This year's AGU Fall Meeting will have a session focused on science results from Yellowstone and other petascale systems, and we would like to encourage Yellowstone users to submit an abstract about results you may have from your allocations on the system. Session conveners are Jim Hurrell, Director of the National Center for Atmospheric Research (NCAR); Jim Kinter, Director of the Center for Ocean-Land-Atmosphere Studies (COLA); Doug Nychka, Director of the Institute for Mathematics Applied to Geosciences (IMAGe) at NCAR; and Marijke Unger, External Relations Specialist at NCAR.
Early submission deadline for abstracts is July 27 and abstract submissions close on August 3. To submit an abstract, please see http://fallmeeting.agu.org/2016/. The session information is included below.

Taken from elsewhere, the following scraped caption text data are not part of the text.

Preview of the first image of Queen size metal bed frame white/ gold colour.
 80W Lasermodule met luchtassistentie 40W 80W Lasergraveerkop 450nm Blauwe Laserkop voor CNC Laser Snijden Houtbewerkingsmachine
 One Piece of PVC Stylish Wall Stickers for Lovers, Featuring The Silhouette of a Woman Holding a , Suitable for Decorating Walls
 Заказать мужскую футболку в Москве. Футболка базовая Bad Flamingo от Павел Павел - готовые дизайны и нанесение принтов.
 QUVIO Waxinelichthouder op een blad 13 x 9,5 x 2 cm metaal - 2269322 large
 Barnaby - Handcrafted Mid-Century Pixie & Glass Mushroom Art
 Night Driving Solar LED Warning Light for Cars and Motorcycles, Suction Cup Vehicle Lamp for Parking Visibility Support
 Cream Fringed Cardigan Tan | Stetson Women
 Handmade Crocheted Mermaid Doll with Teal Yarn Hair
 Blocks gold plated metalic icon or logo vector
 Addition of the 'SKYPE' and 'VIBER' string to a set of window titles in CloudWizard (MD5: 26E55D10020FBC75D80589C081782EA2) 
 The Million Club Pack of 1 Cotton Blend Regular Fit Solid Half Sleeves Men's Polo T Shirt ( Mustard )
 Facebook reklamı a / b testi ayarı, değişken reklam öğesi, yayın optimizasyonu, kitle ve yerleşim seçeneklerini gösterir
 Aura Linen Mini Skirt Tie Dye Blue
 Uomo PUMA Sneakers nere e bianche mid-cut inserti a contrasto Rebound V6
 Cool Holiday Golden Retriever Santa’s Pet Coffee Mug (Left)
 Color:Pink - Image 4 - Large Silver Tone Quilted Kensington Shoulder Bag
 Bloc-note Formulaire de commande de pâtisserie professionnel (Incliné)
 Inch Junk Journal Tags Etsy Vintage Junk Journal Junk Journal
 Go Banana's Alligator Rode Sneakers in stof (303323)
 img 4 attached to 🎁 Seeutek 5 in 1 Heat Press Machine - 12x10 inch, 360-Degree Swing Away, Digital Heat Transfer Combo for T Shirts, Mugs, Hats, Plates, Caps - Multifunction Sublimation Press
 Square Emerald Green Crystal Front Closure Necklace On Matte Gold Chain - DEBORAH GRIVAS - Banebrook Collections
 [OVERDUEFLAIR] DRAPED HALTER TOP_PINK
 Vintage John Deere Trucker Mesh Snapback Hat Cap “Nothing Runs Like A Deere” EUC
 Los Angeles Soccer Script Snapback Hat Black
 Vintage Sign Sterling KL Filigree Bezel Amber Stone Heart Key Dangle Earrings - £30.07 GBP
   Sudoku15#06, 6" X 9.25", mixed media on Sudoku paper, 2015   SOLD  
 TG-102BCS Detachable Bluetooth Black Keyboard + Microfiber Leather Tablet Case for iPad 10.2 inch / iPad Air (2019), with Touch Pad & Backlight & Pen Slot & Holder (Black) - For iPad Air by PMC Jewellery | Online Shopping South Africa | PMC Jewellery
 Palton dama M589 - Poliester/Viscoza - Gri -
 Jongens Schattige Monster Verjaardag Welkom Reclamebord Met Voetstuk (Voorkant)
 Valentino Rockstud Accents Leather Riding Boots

If you have any questions, please contact Marijke Unger (email@example.com).
Session ID: 13305
Session Title: IN041. Supercomputing for Geoscience: Success Stories from Yellowstone and Other Petascale Systems
Section/Focus Group: Earth and Space Science Informatics
Supercomputing for Geoscience: Success Stories from Yellowstone and Other Petascale Systems
Geoscience has advanced dramatically in the past 50 years by exploiting supercomputers. For example, the Yellowstone supercomputer has been exclusively dedicated to the geosciences, and has contributed two billion core hours to help scientists answer questions about the solar dynamo and photosphere, learn about climate predictability and make predictions of future climate, understand turbulence, and study space and global weather. Yellowstone is operated by the National Center for Atmospheric Research with funding from the National Science Foundation, and has served a global community of 2,500 space physicists, climate dynamics researchers, mesoscale meteorologists, and geologists. This session illustrates the value of high performance computing resources dedicated to geoscience, showcasing computational advances in understanding anthropogenic climate change and associated impacts, in modeling the Sun and predicting coronal mass ejections, in improving severe weather forecasts, and in finding new sources of energy, and looks at how future supercomputers might inform scientific discovery.